So glad to hear that all went well and you are home. Take care and follow orders and I am sure the 2 "men" will take good care of you!! God bless and remember to take care of yourself - Pattie


----------



## mountainlady56 (Feb 13, 2006)

Tami!
Glad you're home and hope you continue to improve. Enjoy your "boys" and give them lots of hugs and kisses........I know they missed you, and you missed them, for sure. Try to rest, and give yourself some time.
HUGS!
Darlene


----------



## skippershe (May 22, 2006)

Hi Tami!!  







Home!! 

I'm so thrilled to hear that you're finally back home. You have no idea how missed you were around here









I'm so looking forward to getting back to our old routine and our wonderful friendship! 
You make sure to get lots of rest and take care of yourself ok??

Lots and lots of love to you and your boys,


----------



## Sluggo54 (Jun 15, 2005)

Welcome home and welcome back!

It's great to have you back amongst us...

Sluggo


----------



## Moosegut (Sep 24, 2005)

BritsOnTour said:


> Hope you've got a bit of help before you dive back in full-pelt!!


 I met these folks at a rally last year. Very nice people . . . . . but does anyone know what that means?
















Glad you're home Tami. I was starting to think I was gonna have to start taking the boys to Big Stash's for lunch on a daily basis. They've been looking thin. I hope you get back in fill-pelt soon.







You gotta explain that one Ali.

Scott


----------



## JonesFamily (May 15, 2007)

Welcome Home Tami!

Lisa


----------



## campntn (Feb 20, 2005)

God bless you and your family....yes, He does listen. 
Keep us posted on your progress.
Mark and family


----------



## luv2camp (Mar 9, 2006)

Welcome home!

Make sure you rest at home and don't over do it. Your boys need you! Heck, we all need you too! Take care!


----------



## Canadiansue (Jun 23, 2006)

Happy to see that you are home, and well on the way to good health! You may be surprised at how well you will feel!
Thank-you Lord for answered prayer!


----------



## BritsOnTour (Sep 15, 2006)

Moosegut said:


> Hope you've got a bit of help before you dive back in full-pelt!!
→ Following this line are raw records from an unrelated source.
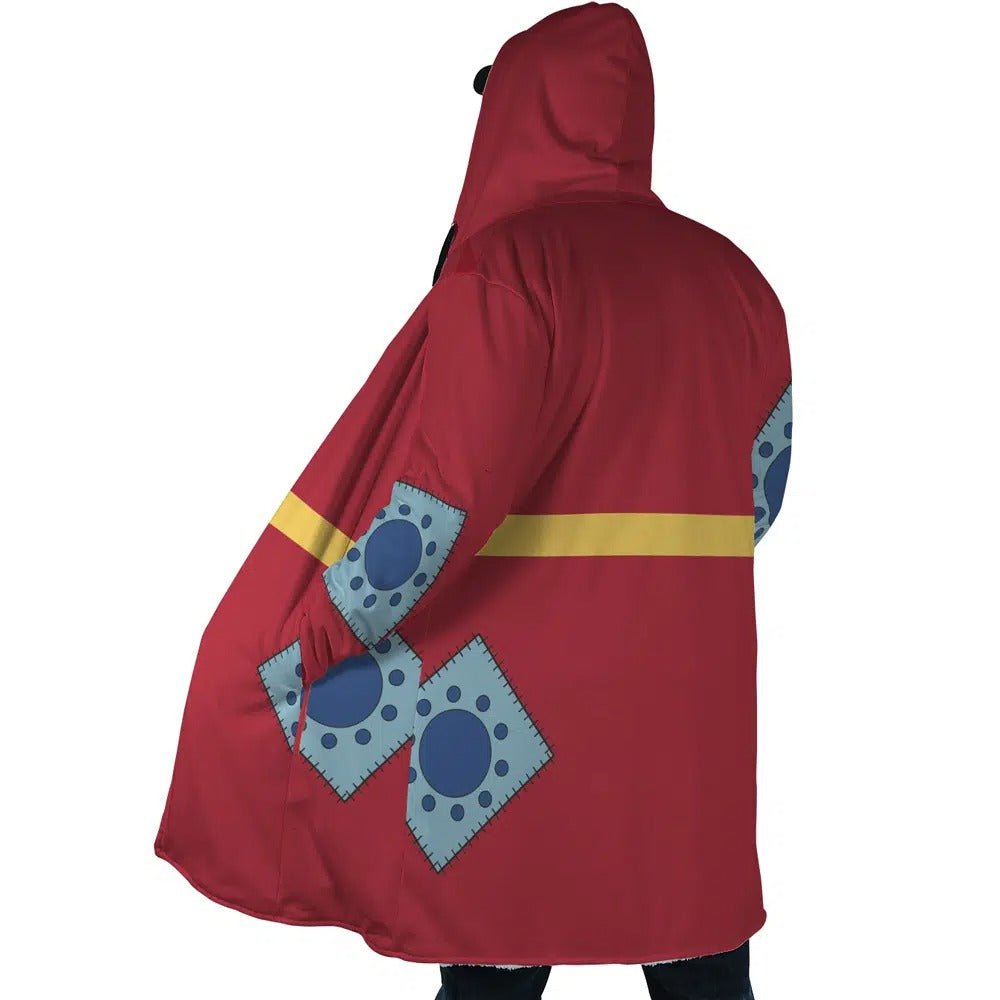 One Piece Wano Luffy Patch Fleece Hooded Cloak - Dimensional Era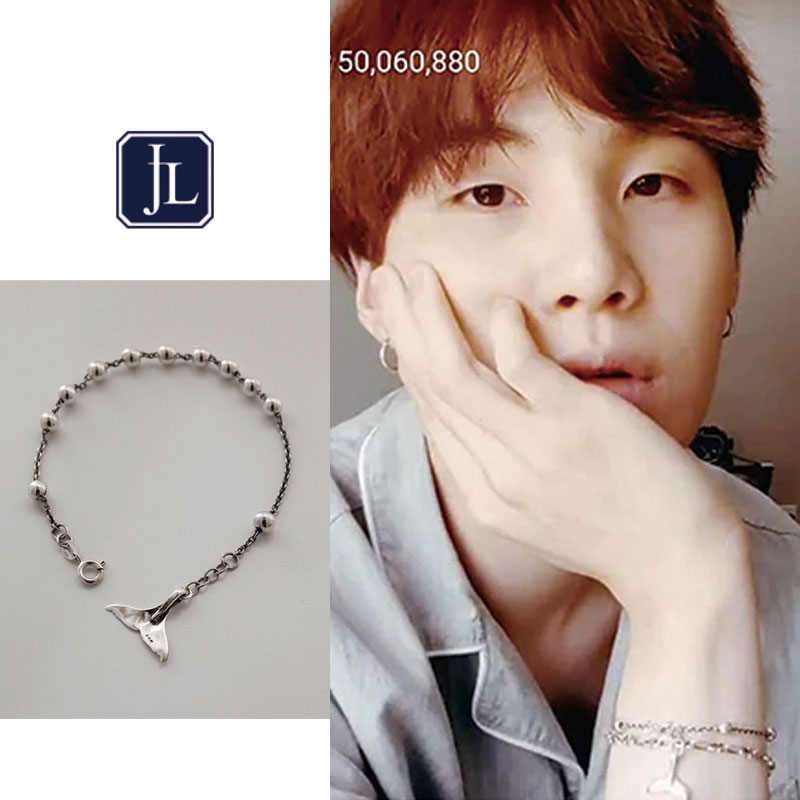 防弾少年団 [j.lauren] B0888 BTS SUGA着用 鯨の尾のシルバーブレスレット sterling silver 925 ブレスレット 韓国ファッション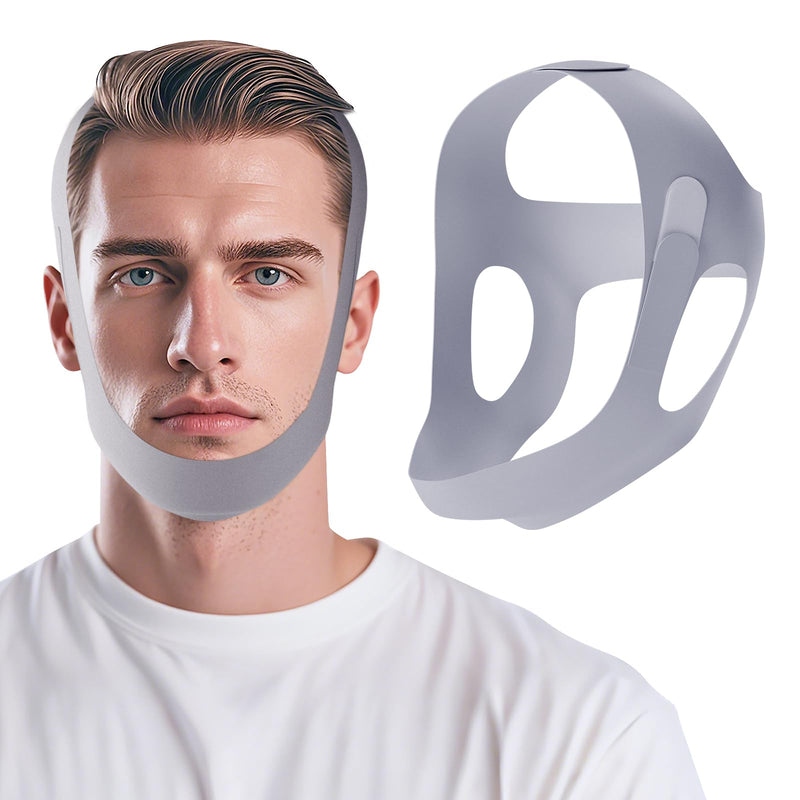 [Australia] - OHELEEP Anti Snore Chin Strap for CPAP Users, Snore Stopper Adjustable, Chin Strap for Sleeping Comfortable Stop Snoring Solution, Anti Snoring Devices Breathable and Reusable, Gray, M 1 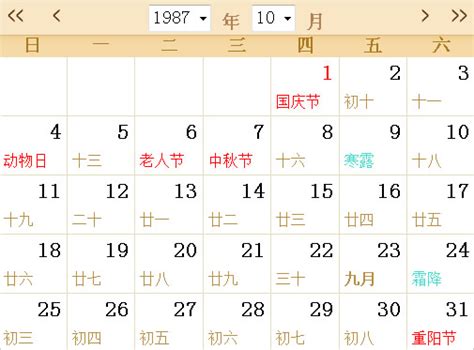 1987全年日历农历表 - 第一星座网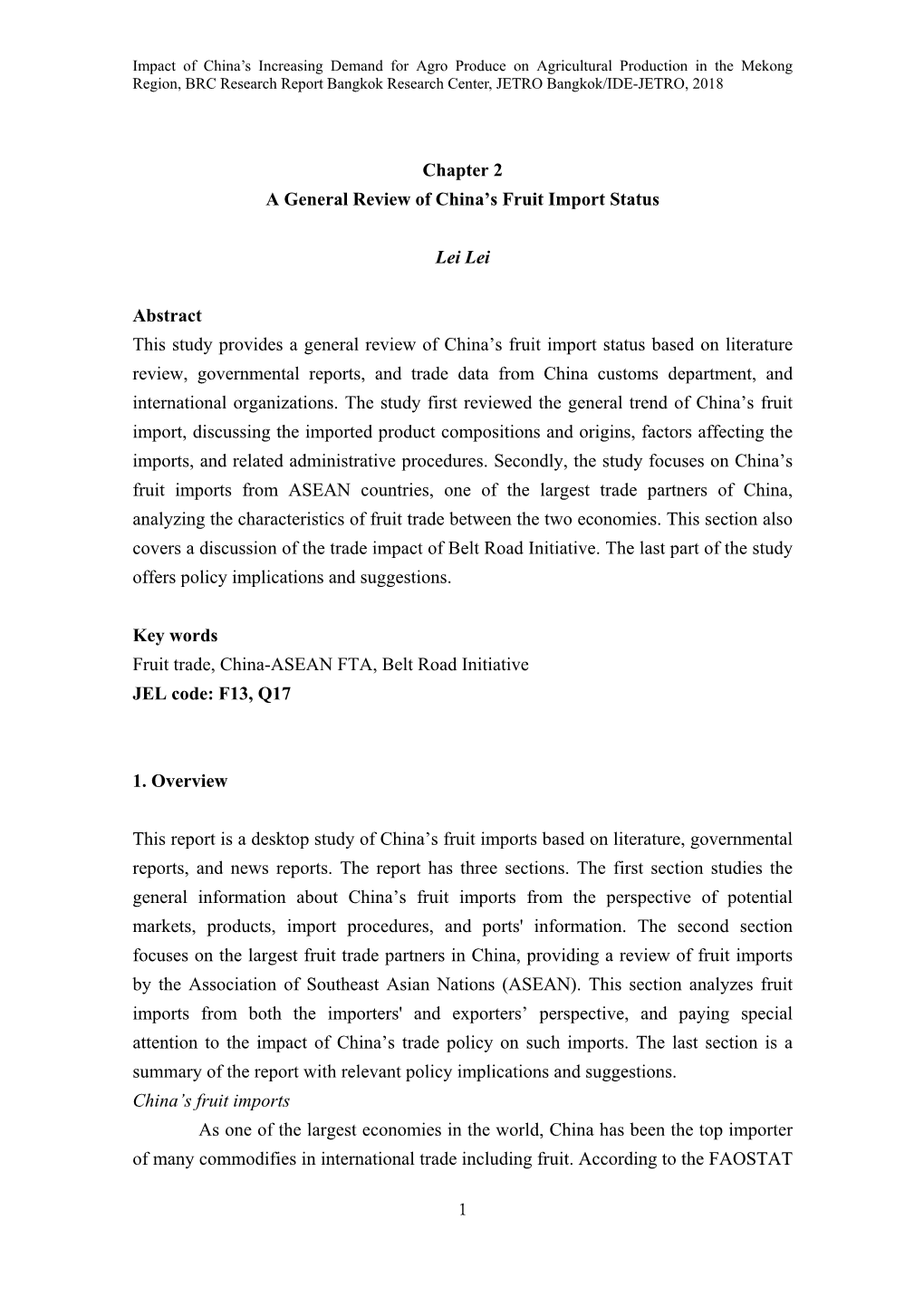 A General Review of China's Fruit Import Status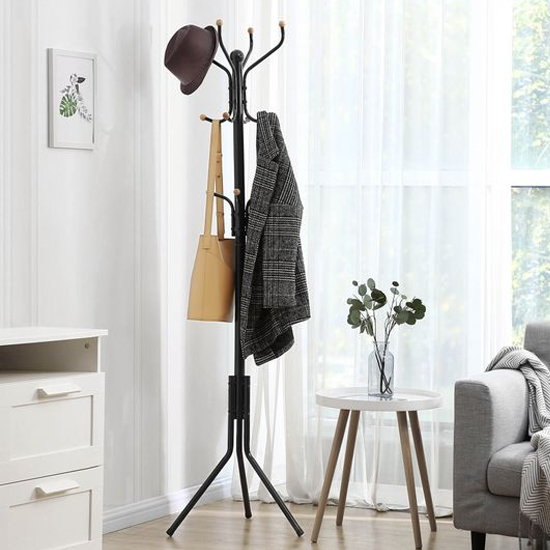 Onamia Metal Coat Rack Stand In Black | Furniture in Fashion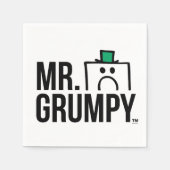 Herr Grumpy | Peeking Head over Name Serviette (Vorderseite)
 I met these folks at a rally last year. Very nice people . . . . . but does anyone know what that means?
















Glad you're home Tami. I was starting to think I was gonna have to start taking the boys to Big Stash's for lunch on a daily basis. They've been looking thin. I hope you get back in fill-pelt soon.







You gotta explain that one Ali.

Scott
[/quote]

............and they say we speak the same language! Actually, I always go into a mild panic when people question my English ('did I use it the right way/what does it _really _ mean?')

So, I googled it: With highest speed and impetus.

Another English-ism I'll have to add to my 'don't say without expecting the blank look!', there are so many!

Actually, I think it describes Tami pretty well (as well as the way we often describe how our toddler runs!)

HTH! Ali


----------



## huntr70 (Jul 8, 2005)

BritsOnTour said:


> Hope you've got a bit of help before you dive back in full-pelt!!


 I met these folks at a rally last year. Very nice people . . . . . but does anyone know what that means?
















Glad you're home Tami. I was starting to think I was gonna have to start taking the boys to Big Stash's for lunch on a daily basis. They've been looking thin. I hope you get back in fill-pelt soon.







You gotta explain that one Ali.

Scott
[/quote]

............and they say we speak the same language! Actually, I always go into a mild panic when people question my English ('did I use it the right way/what does it _really _ mean?')

So, I googled it: With highest speed and impetus.

Another English-ism I'll have to add to my 'don't say without expecting the blank look!', there are so many!

Actually, I think it describes Tami pretty well (as well as the way we often describe how our toddler runs!)

HTH! Ali
[/quote]
Hey Ali.......you were pretty close.

We tend to say 'full tilt' in the same reference.

Steve


----------